De fondo luce el perfume del césped, que decora una mirada cuya luz terminó por apagarse en la tarde del último 18 de noviembre, tras horas de haber agonizado por una bala que le disparó un oficial e inmediatamente le produjo muerte cerebral seguida de un deceso absoluto.
Como tantos otros jóvenes, Lucas soñaba a sus 17 años con crecer a partir del fútbol, un deporte cuya popularidad lo convierte en policlasista para las masas y una oportunidad de ascenso social para los sectores postergados.
Había salido de entrenar; y entrada la noche, ingresó junto a dos amigos a un kiosco cerca de la Villa 21-24 del conurbano bonaerense para pedir unos jugos.
Un patrullero que pasaba por allí apeló a la portación de rostro e imaginó que los adolescentes estaban efectuando un asalto. Los oficiales desenfundaron las armas y apuntaron.
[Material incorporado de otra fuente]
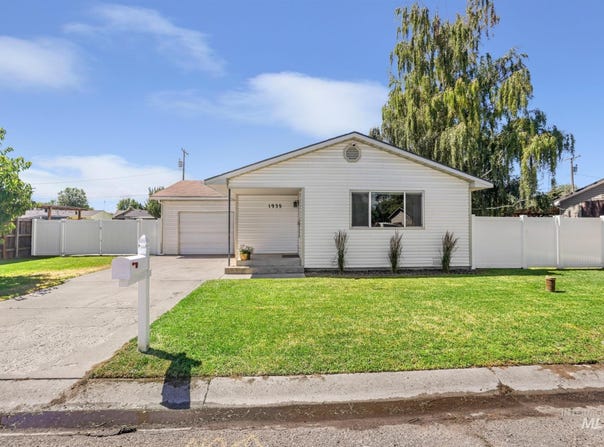 1935 17th St, Heyburn, ID 83336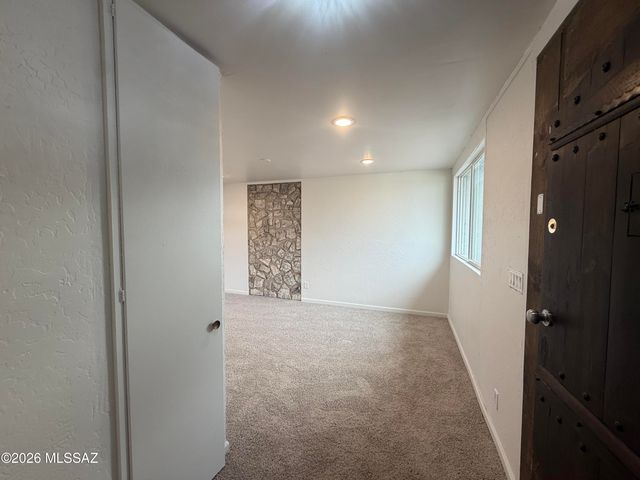 4252 E Sylvane Drive, Tucson, AZ 85711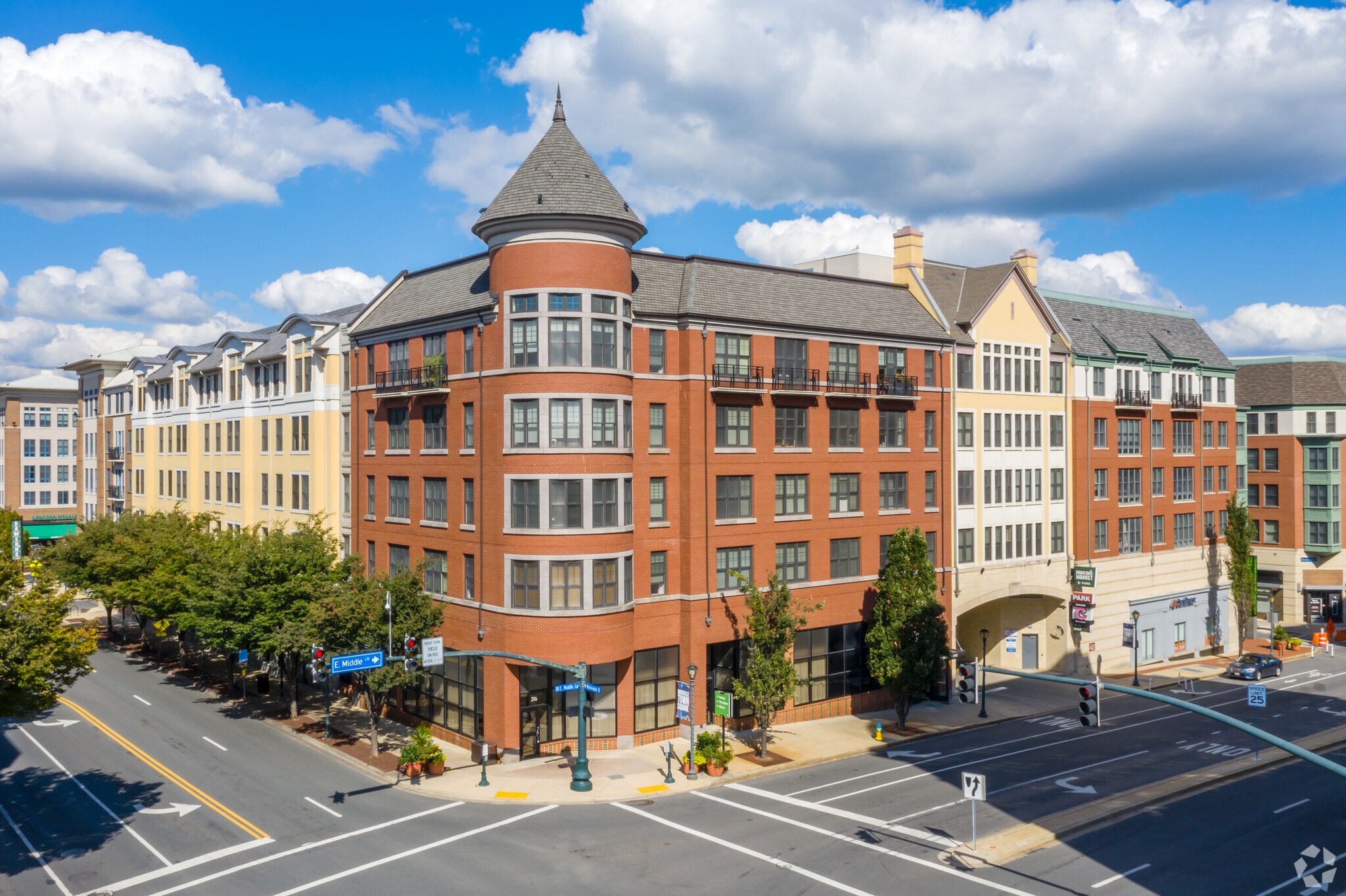 20 Maryland Ave, Rockville, MD for lease Primary Photo- Image 1 of 61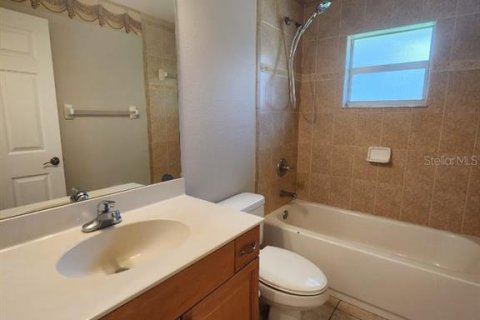 Casa en alquiler en Palm Bay, Florida, 4 dormitorios, 254.74 m2 № 1835648 - foto 23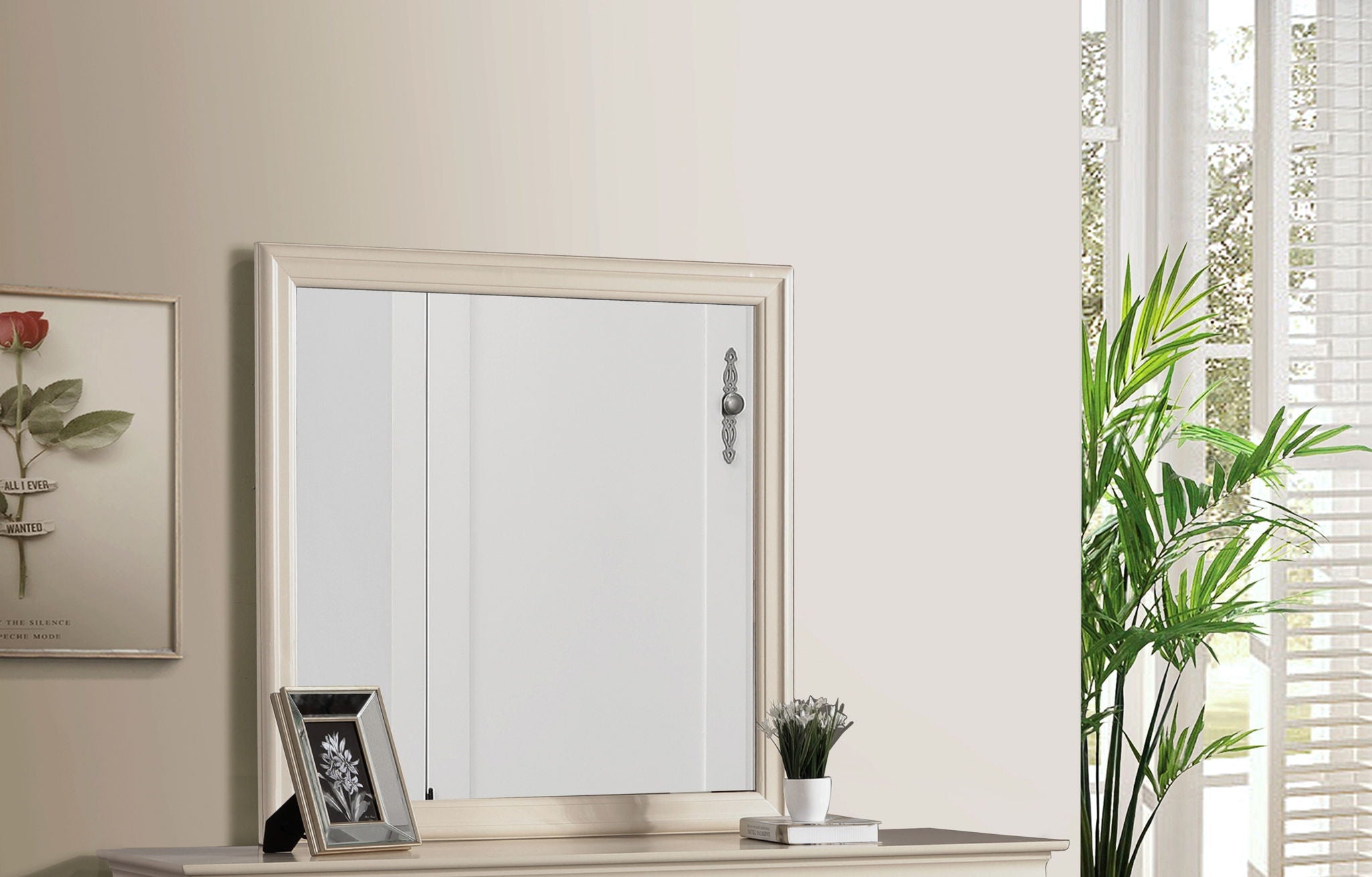 Traditional Wall Mirror For Any Space - Best Buy Furniture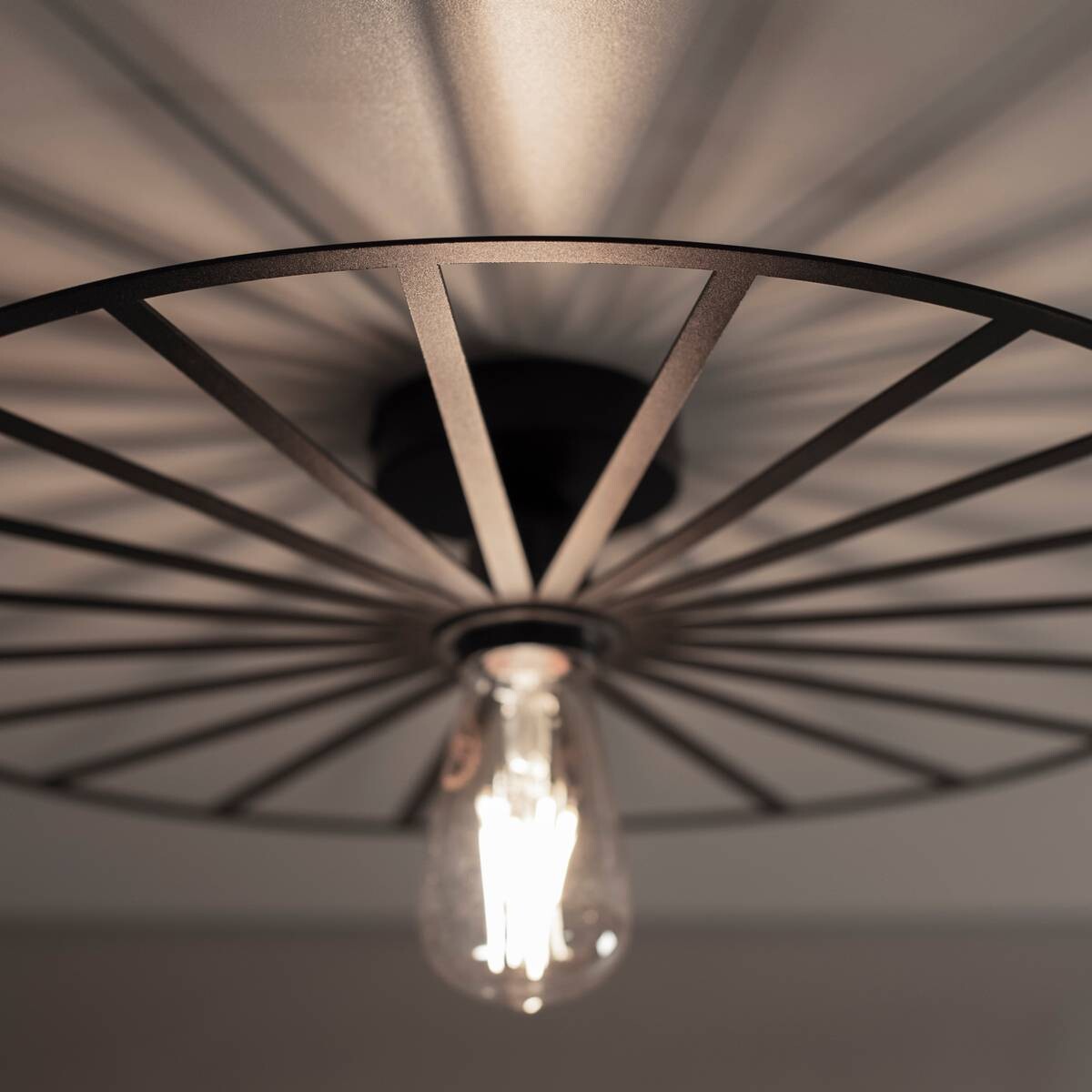 Just Light Wand-/Deckenleuchte SPIKE 15636-18 schwarz Metall H/D: ca. 9x50 cm E27 1 Brennstellen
Los menores se asustaron y mientras escapaban hubo uno que no pudo seguir.
A Lucas lo mataron por las dudas, abusando de un poder que estigmatiza a los grupos más humildes y los identifica con la delincuencia.
Llamó la atención que ningún referente del fútbol ni el gremio de jugadores profesionales saliera a reclamar por el juvenil del club Barracas Central; en definitiva, uno de los suyos.
Estas escenas de gatillo fácil, que lamentablemente se repiten una y otra vez desde hace décadas, tienen un mismo patrón: las autoridades policiales que persiguen, matan y luego se desentienden de los hechos, obstruyendo las investigaciones y contaminando pruebas.
¿Qué fallan: las leyes, los jueces, el Estado en su máxima expresión?
La tragedia, de algún modo, permite poner en suspenso el creciente discurso de la mano dura como solución más efectiva a los episodios de violencia.
Ninguna sociedad puede mejorar si sobrevuelan balas sin criterio que pueden impactar en cualquier persona y terminar con vidas inocentes, destruyendo al mismo tiempo a familias completas.
Si hay ausencias que duelen, ésas son las partidas perpetuas.